The documents, obtained under the Freedom of Information Act, show no indication that the decision to allow the protesters to stay in the parks was driven by high-ranking officials at the Obama White House or the Department of Interior, as Republican critics have alleged.

But in an e-mail on Nov. 1, U.S. Park Police Chief Teresa C. Chambers suggested that her agency had minimal input in macro decisions about the future of the camps.

“This is bigger than the USPP,” Chambers wrote to several police officials in response to a request from a spokesman about how to make public a reported assault at McPherson Square.

Sgt. David Schlosser, a Park Police spokesman, said Tuesday that the e-mail was designed to reinforce that the Occupy protest should not be treated differently “simply because of the media attention.”

For months, the Park Service said the protesters’ First Amendment right to conduct a 24-hour protest vigil outweighed broad concerns from downtown and District officials that the camps were a public health hazard.
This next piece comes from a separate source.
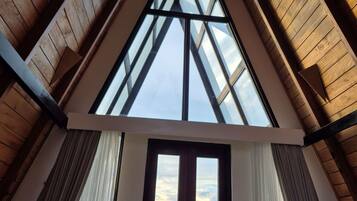 Minibar, desk, free WiFi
But by late January, under pressure from congressional Republicans and local leaders, Park Service officials announced a new crackdown on camping in the parks. During a dramatic early-morning raid Feb. 4, Park Police swept through McPherson Square, taking down dozens of tents and removing piles of trash in what officials said was a “nuisance abatement” for rats and other hazards. A similar encampment at Freedom Plaza was swept the following day.
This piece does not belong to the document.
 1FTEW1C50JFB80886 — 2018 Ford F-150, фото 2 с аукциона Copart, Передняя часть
Dozens of e-mails to and from Steve Whitesell, the Park Service’s regional director, and Bob Vogel, superintendent of the National Mall and memorial parks, from October through mid-December show business leaders voiced grave concerns about health and safety soon after the protests began in early October. Downtown leaders raised questions about flammable materials, potential weapons, rats and illegal drugs.
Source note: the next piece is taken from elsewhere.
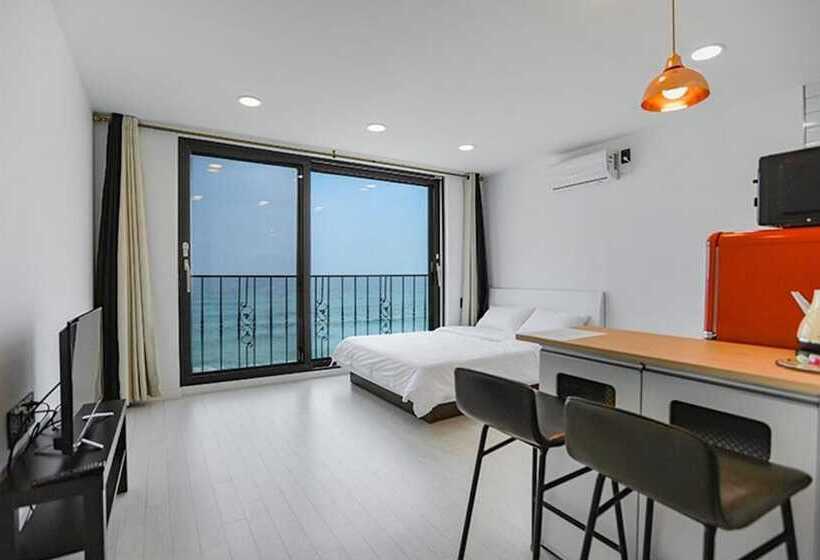 Goseong Badae Banhada Pension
“They are destroying McPherson,” Richard H. Bradley, Downtown DC Business Improvement District executive director, wrote in an e-mail to District and federal officials on Oct. 17, urging them to devise a “containment strategy” for the protests.

Park Police and Park Service officials acknowledged that the protests were escalating, but their reluctance to challenge the protesters resulted in small-scale turf battles with the District.